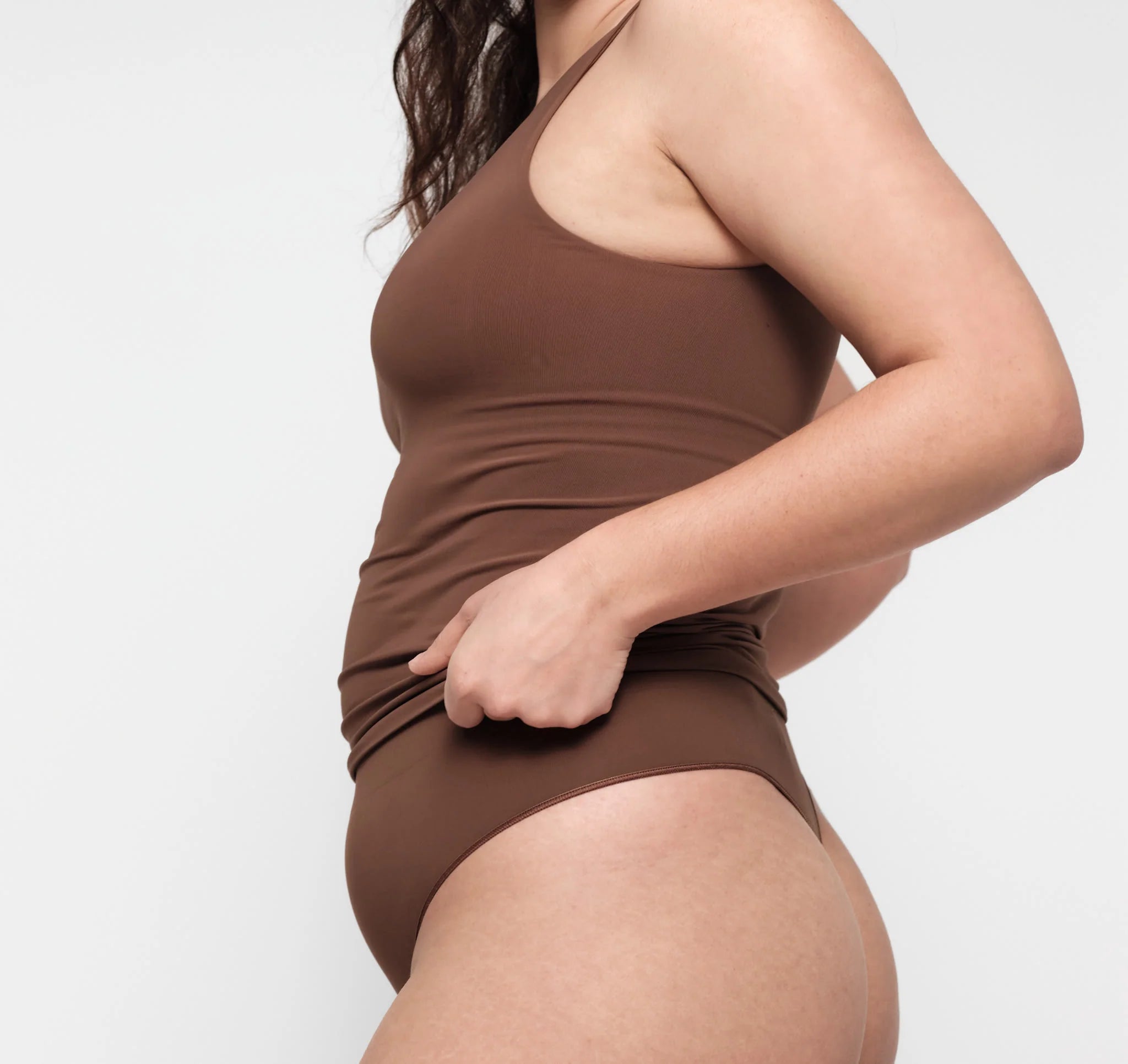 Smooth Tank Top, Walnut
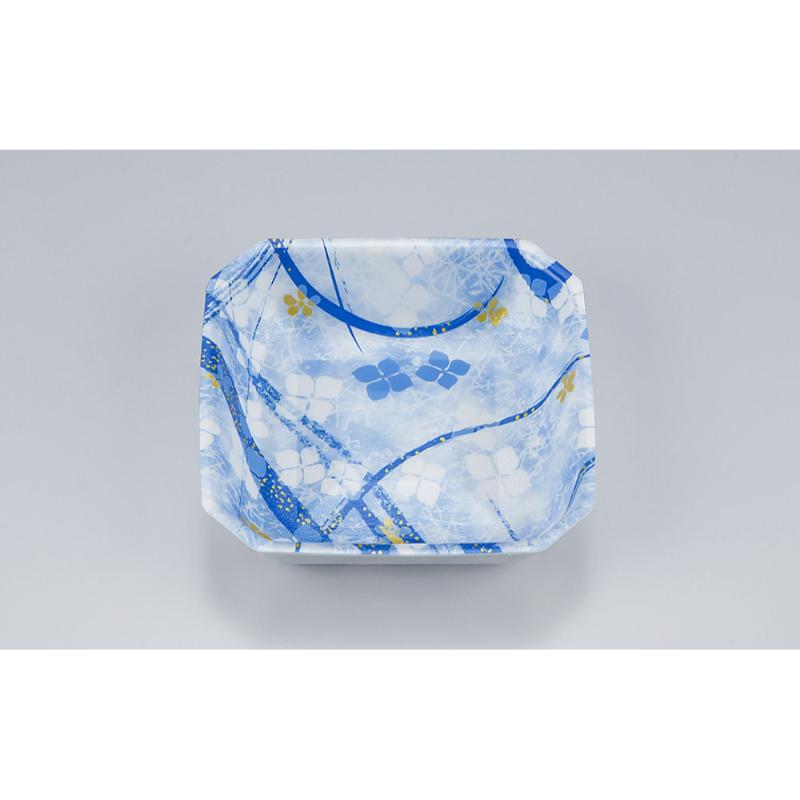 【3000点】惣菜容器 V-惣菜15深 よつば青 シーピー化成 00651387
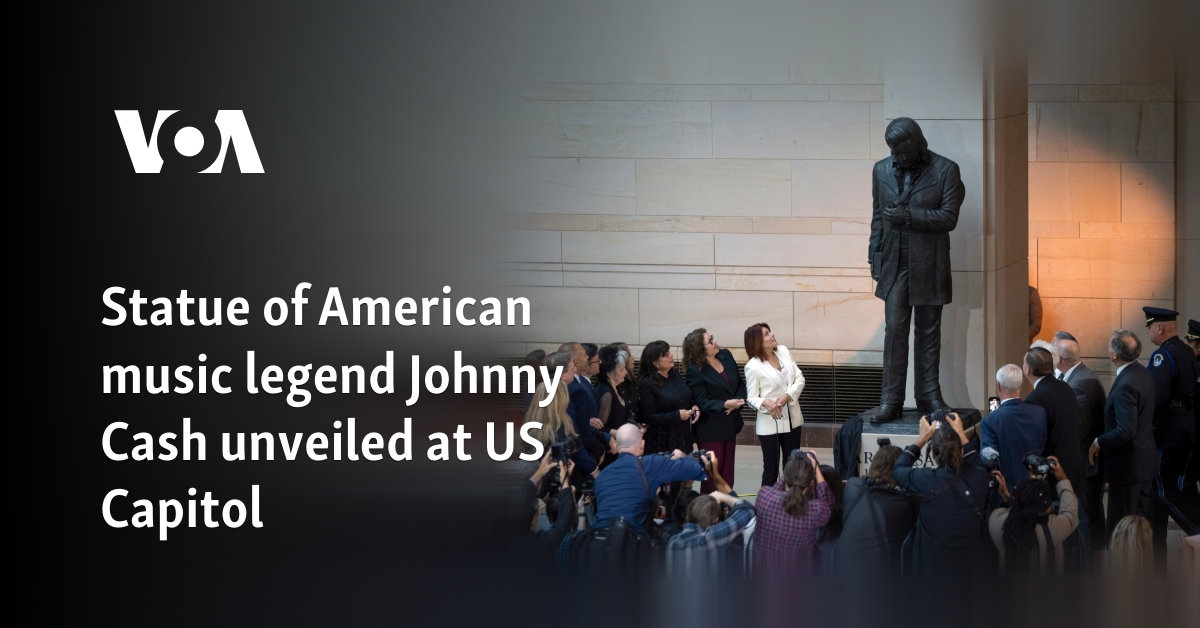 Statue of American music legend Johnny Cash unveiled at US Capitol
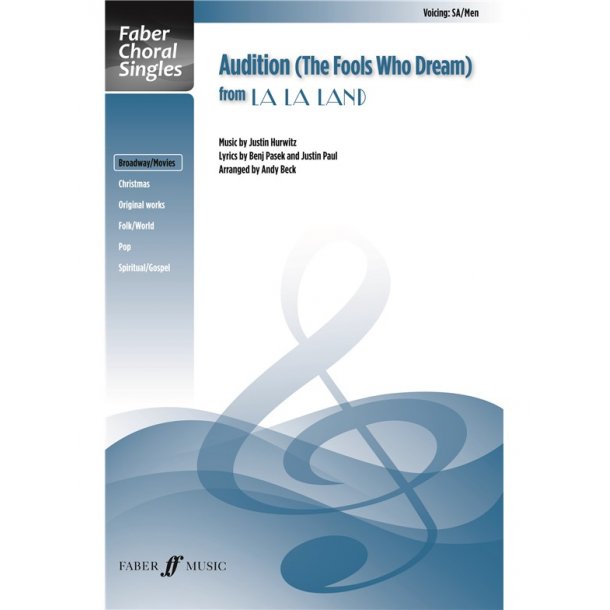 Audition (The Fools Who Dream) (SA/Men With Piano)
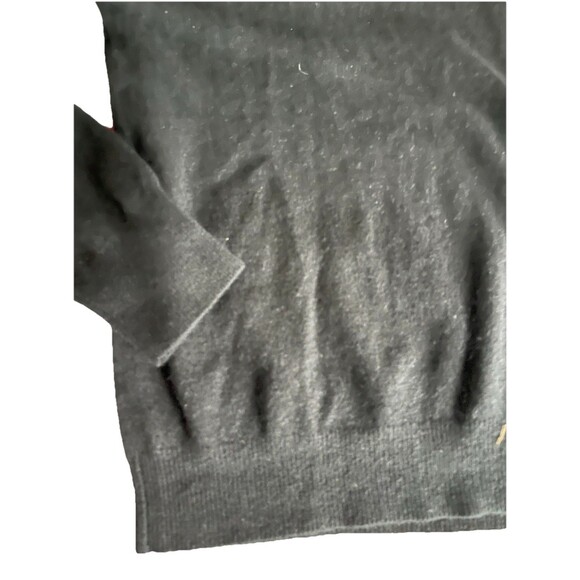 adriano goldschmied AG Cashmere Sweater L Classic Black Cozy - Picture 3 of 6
__________________________________________________
WHAT TO WORK ON:
Give back an exact copy of only the lines from the one with "よつば青 シーピー化成 00651387" through the final line of the material, both included. Pictures do not belong in it.

TASK OUTPUT:
 【3000点】惣菜容器 V-惣菜15深 よつば青 シーピー化成 00651387
 Statue of American music legend Johnny Cash unveiled at US Capitol
 Audition (The Fools Who Dream) (SA/Men With Piano)
 adriano goldschmied AG Cashmere Sweater L Classic Black Cozy - Picture 3 of 6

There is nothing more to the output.